Conditional statements are often used inside a for-loop to handle treat each element differently. Let's use the sequencing data as an example. The ids of these sequences are random letters, so let's imagine we were interested in only those reads with an ID starting with lower cases letters.

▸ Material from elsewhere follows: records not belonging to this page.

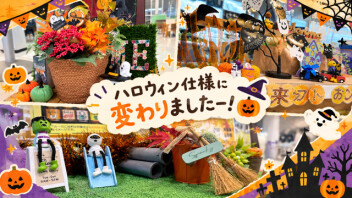 ショールームもハロウィン気分(^^♪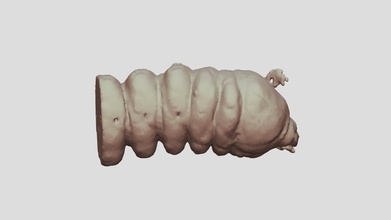 cacosceles Newmannii larva muestra nr19 descargar gratis 3d modelo gigasciencia gigadb feca5f6 3d print model - Mito3D
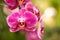 Close up beautiful nature orchid Vanda pink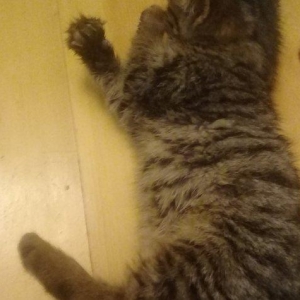 Котенок мальчик в Добрые ру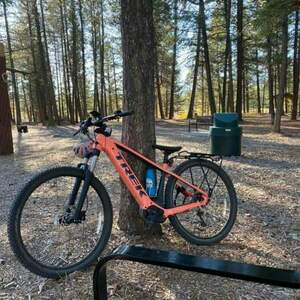 2023 Trek Trek Powerfly 4 Gen 4 Pink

We can use the `islower()` method to test that the first letter of the ID lower case. then print only those IDs

In [3]:
from Bio import SeqIO
reads = SeqIO.parse("../first_task/reads.fq", "fastq")
for seq in reads:
    first_letter = seq.id[0]
    if first_letter.islower():
        print(seq.id)

agoPnkEt
vMOiXKcw
vIBqXDxb
igcJNbKn
hbVLHucP


Using `else` we could print all the IDs, noting whether they start with lower case

In [4]:
from Bio import SeqIO
reads = SeqIO.parse("../first_task/reads.fq", "fastq")
for seq in reads:
    first_letter = seq.id[0]
    if first_letter.islower():
        print(seq.id, "starts with lowercase")
    else:
        print(seq.id, "starts with uppercase")


agoPnkEt starts with lowercase
vMOiXKcw starts with lowercase
LISzqTNF starts with uppercase
vIBqXDxb starts with lowercase
QevuyjfB starts with uppercase
WdkVXRjQ starts with uppercase
igcJNbKn starts with lowercase
ZFbfxWsl starts with uppercase
hbVLHucP starts with lowercase
JpRwMsVW starts with uppercase


## Counting a condition

One very useful thing way to use conditionals is to count the number of times something occurs. In Epichloe, we are interested in the GC-content of sequences, so how might we find the GC-content of the reference sequence in this repo? A SequenceRecord object is iterable (i.e. we cn use a for loop to traverse it) so we can loop over the sequence and add to a counter every time we see a "C" or "G" base.

In [5]:
ref = SeqIO.read("../first_task/reference.fna", "fasta")
# initialize the counter before the loop so there is someting to refer to later
counter = 0

for base in ref:
    if base == "C":
        counter = counter + 1
    elif base == "G": #elif equals else: if, see the SW lesson
        counter = counter + 1

print(counter, "total G/C bases(", counter/len(ref) * 100, "% )")            
    

72 total G/C bases( 72.0 % )


### extra for experts

The code above works, but there are a few tricks we can use to make it a bit nicer. For one, there is a special operator `+=` for incrementing (that is adding to) to a number. There is also a nicer way to format strings that the print statements at the end. If you areally want to go deep, can you re-implement this with collections.Counter?

In [6]:
counter = 0

for base in ref:
    if base == "C":
        counter  +=1 
    elif base == "G": 
        counter  += 1

print(f'{counter} total G/C bases ({counter/len(ref) * 100}%)')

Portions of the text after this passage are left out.